My apologies: reading the code, it appears that, apart from the root document, docpaths ending in index are purely used by convention to provide something like a familiar directory structure -- the term index does not have a special meaning. As a result, I don't think we can (or should) infer their implicit existence.

Given that, I think the existing info-level messaging here is fine -- it does not indicate a false-positive, since the ambiguity that @khanxmetu mentions is genuine:

There exists an ambiguity as to what parent should be chosen by 'usage/configuration'. In serial builds or the patch in this pr, lexicographically greatest parent i.e 'usage/index' is chosen due to which "Configuration" section is expanded under "Using Sphinx" in the sidebar.

I'll re-approve the PR to indicate that.

jayaddison commented 1 month ago

@AA-Turner it's taken me a longwinded route to get there, but I believe that the ambiguity messages about the Sphinx documentation are genuine, in that they make it unclear (in machine terms, if not in human terms) about how the corresponding sidebar toctree should be expanded.

I still feel that it might be possible somehow to devise a more advanced algorithm that can resolve a subset of the multi-toctree reference cases unambiguously, however I don't have 100% confidence that it's feasible in a performant way (mostly I don't feel I have a complete mental model of the problem space yet), nor do I think we should do it during this PR even if it is.

So in short: I'm comfortable with merging the pull request.

timhoffm commented 1 month ago

Semi-OT: from https://github.com/sphinx-doc/sphinx/issues/6714#issuecomment-2351757525

The main issue here is the assumption of _get_toctree_ancestors that the toctree is indeed a tree (meaning each node/doc has a unique parent)

Is a non-tree toc arrangement really desirable? Or is it just a structure that happens to be allowed through the way .. toctree is designed and implemented?

I mean the name "toctree" already implies a tree. And from a user prespective, I find a clear hierarchial TOC helpful to understand the structure of docs. For my docs, I'd rather place a topic in one place and cross-reference from another place, rather than including it fully in two locations. So, while it's nice to make this deterministic, the ambiguity persists: I go into a subtopic from one location and find myself in a completely different toc path. I would consider that a bug for my documentation. Wouldn't it be better (or at least an option) to warn on multiple inclusions of the same document?
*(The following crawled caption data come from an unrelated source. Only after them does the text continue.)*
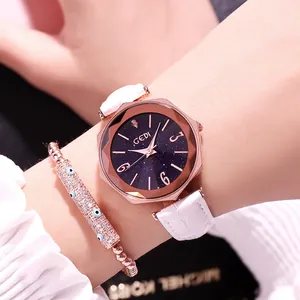 Octagonal rose gold starry sky watch with white leather strap and charm bracelet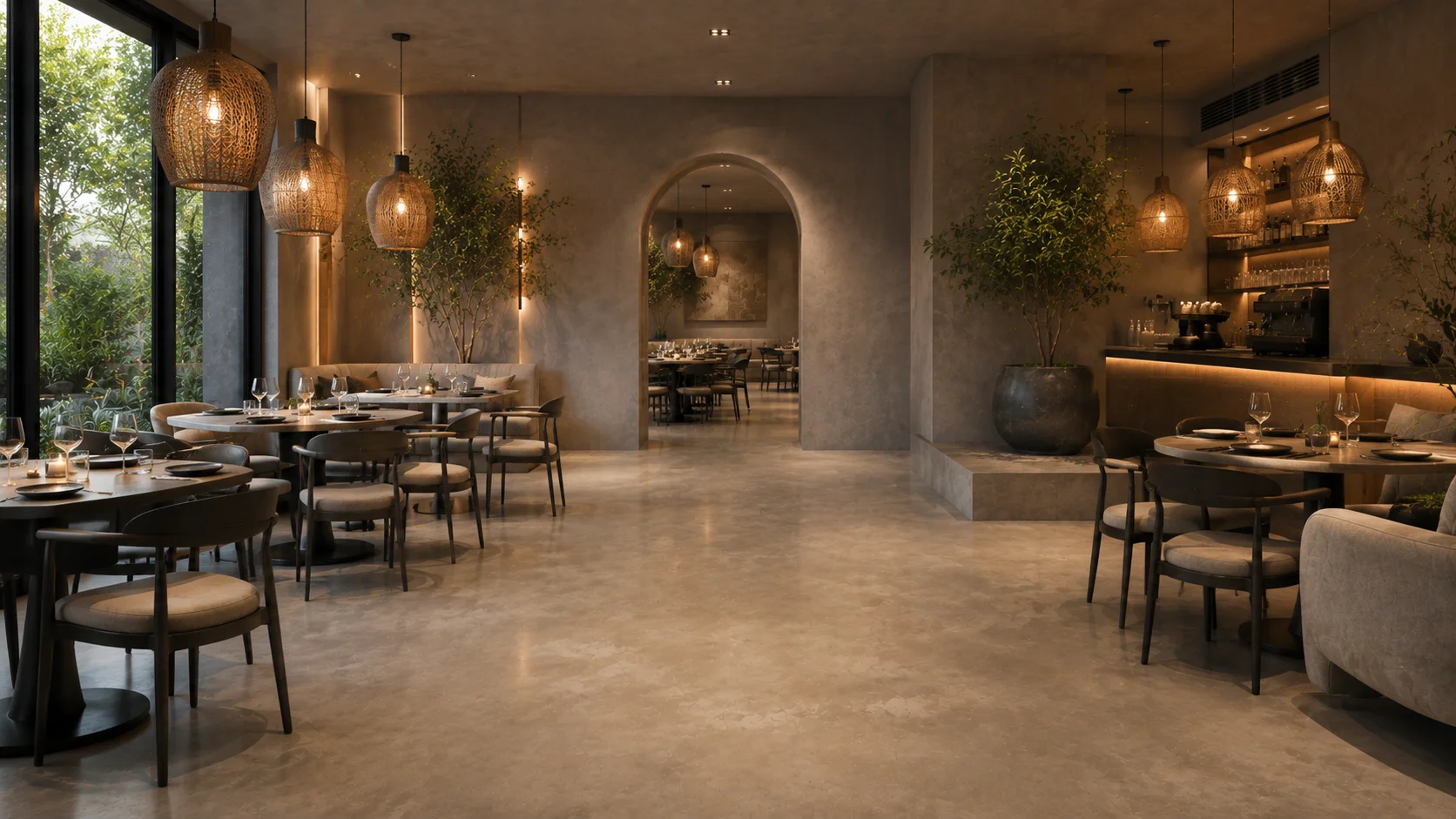 Seamless microcement flooring in a contemporary interior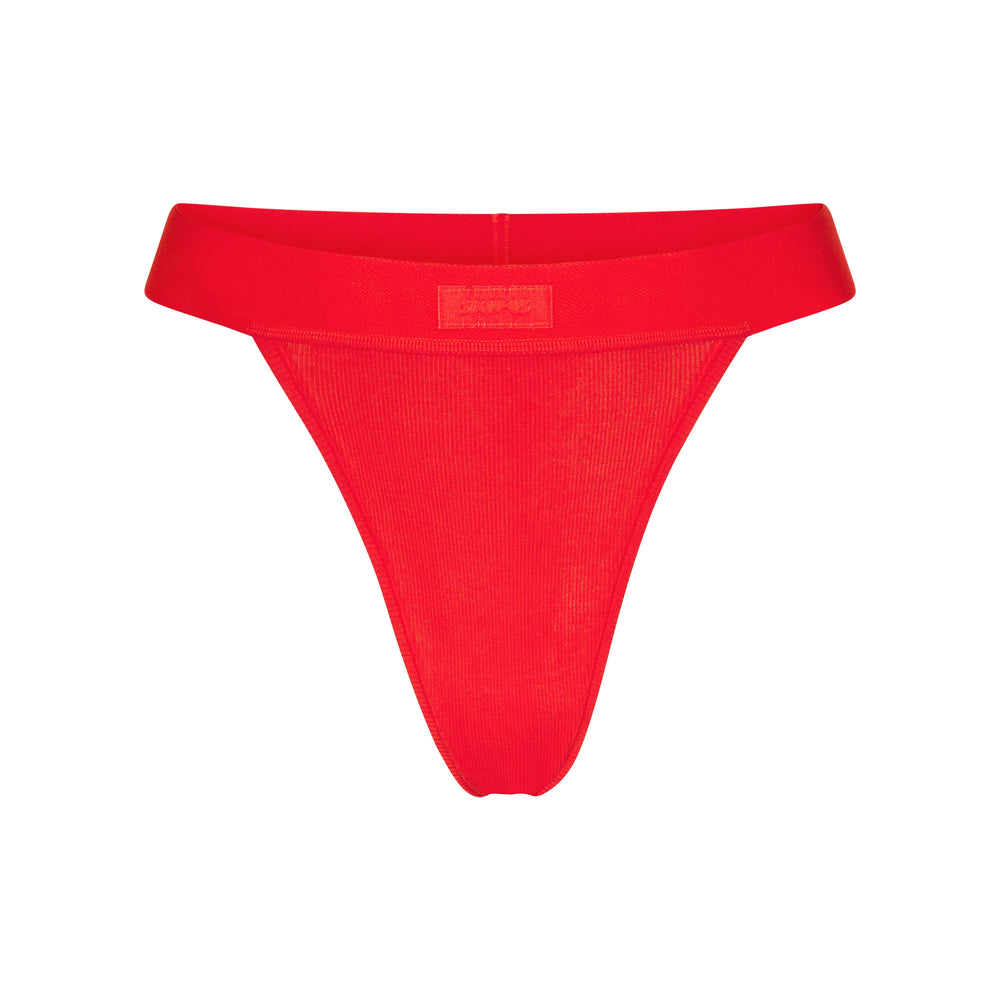 Skims COTTON RIB Thong Červené | OYRL-34097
khanxmetu commented 1 month ago

@timhoffm The existing implementation doesn't fully account for non-tree tocs and I don't think if there's any good way to resolve multiple parents/references in navigation bar without jumping locations in toc as you mentioned.

This PR has two purposes in case of multiple parents:

  1. Ensure determinism to achieve reproducible parallel builds.
  2. Warn the user, though it has been downgraded to info-level output currently due to less severity.
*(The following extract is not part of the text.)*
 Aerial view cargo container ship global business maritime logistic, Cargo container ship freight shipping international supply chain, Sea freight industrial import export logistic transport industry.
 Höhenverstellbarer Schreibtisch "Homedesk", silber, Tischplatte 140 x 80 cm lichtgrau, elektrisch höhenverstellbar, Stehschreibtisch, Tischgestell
The workflow you mentioned is ideal for local toc (in-document, see the issue with qemu-docs for example where toctree directive is (ab)used for spapr-numa: https://github.com/qemu/qemu/blob/master/docs/system/ppc/pseries.rst?plain=1#L144). However, in some cases it could be desirable to have a secondary reference in global toctree (side-bar navigation) as is the case with Sphinx's documentation where "Configuration" link is also put on the root-level in the sidebar for convenience.

If this issue seems significant, perhaps, in the future we could have primary(to be used as toc parent) and secondary(not to be used as toc parent) toc entries in the case of conflicts.